In conclusione, il generale Pollari e il suo vice sono stati dichiarati colpevoli in quanto capri espiatori di un ipocrita (e ignaro) legittimismo in forza del quale si disconosce l’esistenza di norme che, come quella che impone il segreto di Stato, giustificano attività svolte nell’ambito di “finalità istituzionali” per così dire atipiche.
Colpevoli, naturalmente, perché si sono imbattuti in un giudice che, in barba al segreto di Stato e al conflitto di attribuzione, ha trasportato il gabinetto in salotto.

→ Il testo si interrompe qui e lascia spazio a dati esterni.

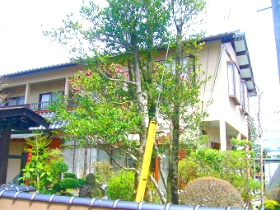 鹿沼市I様邸 外部塗装工事アフター画像 No2
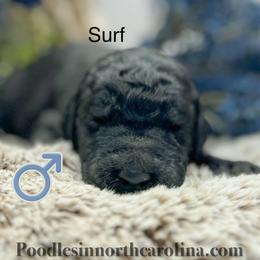 Surf - Silver male Poodle puppy in Greenville, North Carolina from Grace Poodles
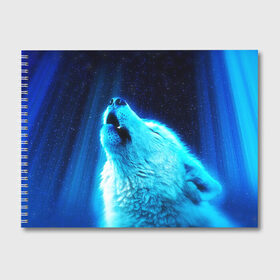 Альбом для рисования с принтом ВОЛЧИЙ ВОЙ(D) в Белгороде, 100% бумага
 | матовая бумага, плотность 200 мг. | Тематика изображения на принте: wolf | волк | волки | волчица | животные | одинокий волк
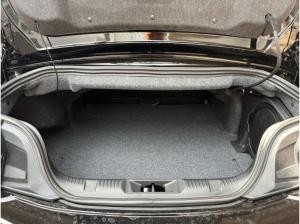 Ford Mustang Convertible GT 5.0 V8 446PS MagneRide Bronze-Paket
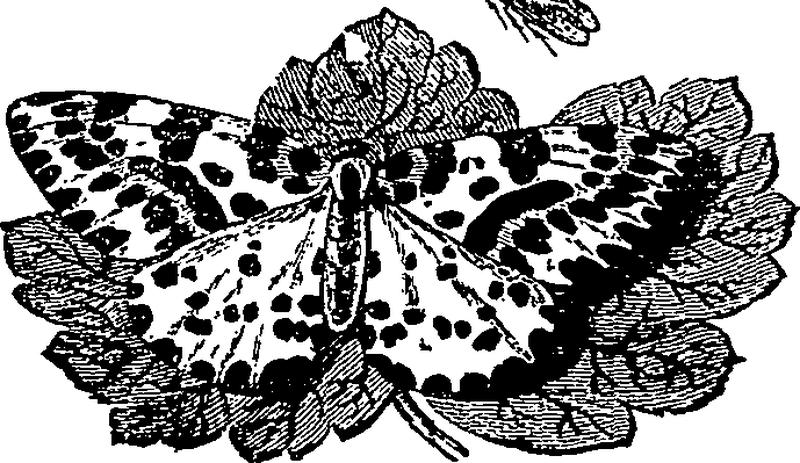 Recreations in agriculture, natural-history, arts, and miscellaneous literature Fleuron P002783-8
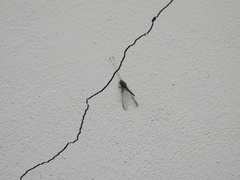 Ululodes macleayanus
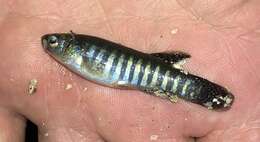 Image of Bayou Killifish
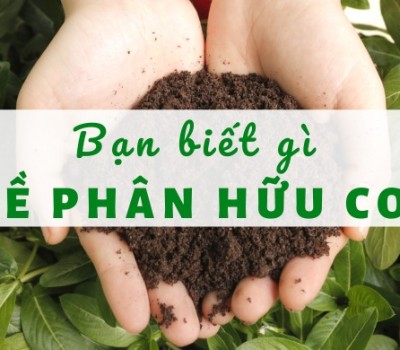 KHÁI NIỆM CHẤT HỮU CƠ VÀ PHÂN HỮU CƠ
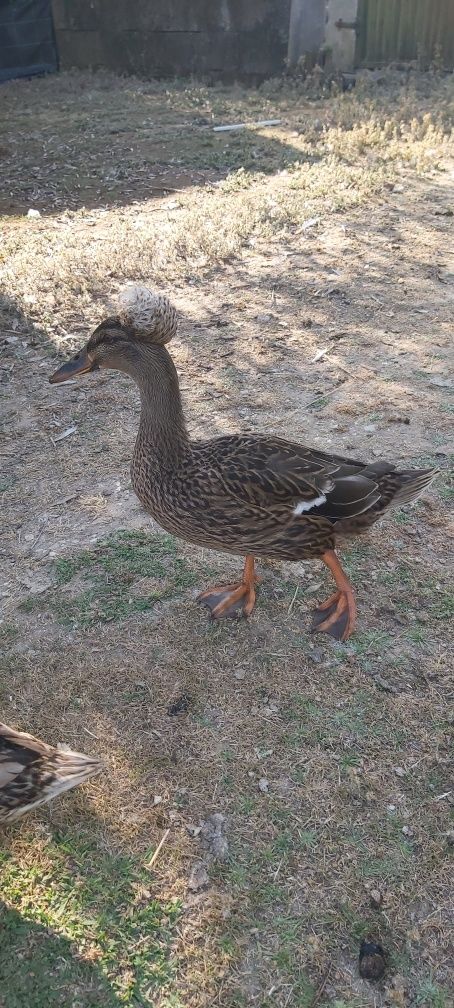 Casal de Patos Pompom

Termino con l’incidente verificatosi nel processo per l’omicidio Scalzi, in cui la presidente della Corte di Assise di Perugia, si è fatta sorprendere mentre, a microfoni accesi, indugiava, con la collega a latere, in amabili conversari, nel corso dei quali venivano espressi giudizi non propriamente asettici sul comportamento processuale di alcuni imputati. La situazione, già di per sé intuitivamente compromessa, è ulteriormente peggiorata con il rigetto della domanda di astensione che pure era stata presentata dalle poco accorte componenti togate del collegio, dal momento che il provvedimento di rigetto mal si concilia oltre che con il tenore delle frasi incriminate, con il disagio manifestato da chi aveva, proprio per questo, chiesto di astenersi.
Domanda finale: che sta succedendo ai giudici?
Non sarebbe, forse, ora di cambiare un sistema di reclutamento che sembra far acqua da tutte le parti?